No, Trump Cannot Delay the Election. But There’s Other Mischief That He Could Do to Affect Election Results

Joe Biden at a fundraiser last night said the following:

“Mark my words I think he is gonna try to kick back the election somehow, come up with some rationale why it can’t be held. Imagine threatening not to fund the post office. Now what in God’s name is that about? Other than trying to let the word out that he’s going to do all he can to make it very hard for people to vote. That’s the only way he thinks he can possibly win.”

The Constitution gives Congress the power to set the date for the election, and Congress did so in an 1845 statute. So there’s no way to legally move the election without congressional action. In any case, the 20th Amendment says that if there’s been no choice of a president by Congress, the president has to vacate office on Jan 20.

There are things the President can do to mess with the election, however.

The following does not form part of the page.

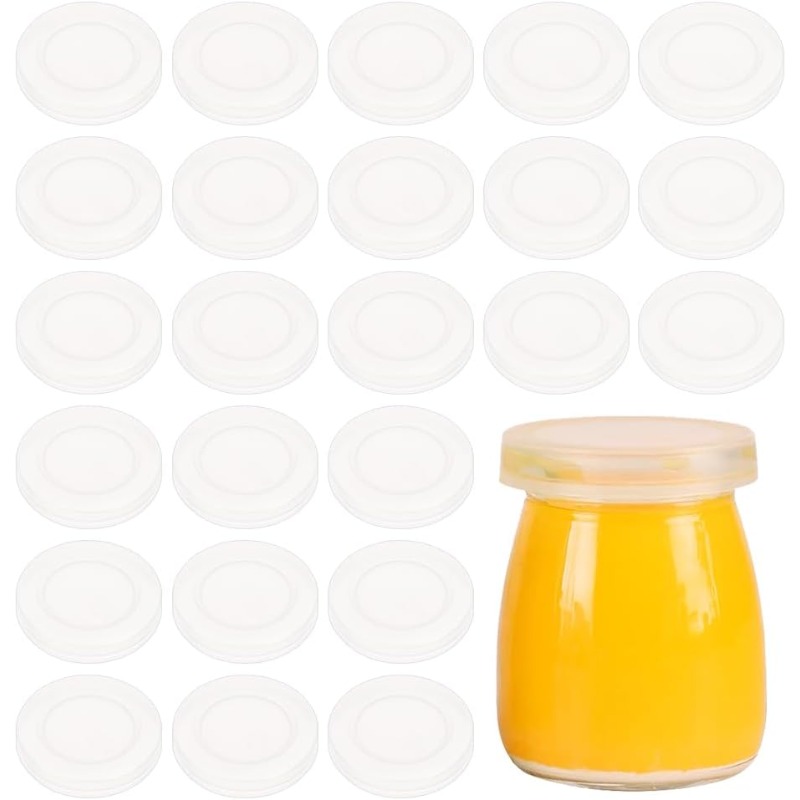48 tampas do frasco de iogurte - Meal Prep Jar avaliação e preço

Here’s what I wrote in an LA Times oped:

First, Trump or state governors could seek to use public health concerns as a pretext to close polling places in Democratic cities in swing states. Voting would still take place, but turnout could be skewed to help Republicans.

More ominously, as Mark Joseph Stern has pointed out, state legislatures have the power under the Constitution to choose presidential electors. In its infamous 2000 decision in Bush vs. Gore, the U.S. Supreme Court remarked that although every state legislature had given voters the power to vote directly for the president and to allocate the state’s electoral college votes, state legislators could take back that power at any time.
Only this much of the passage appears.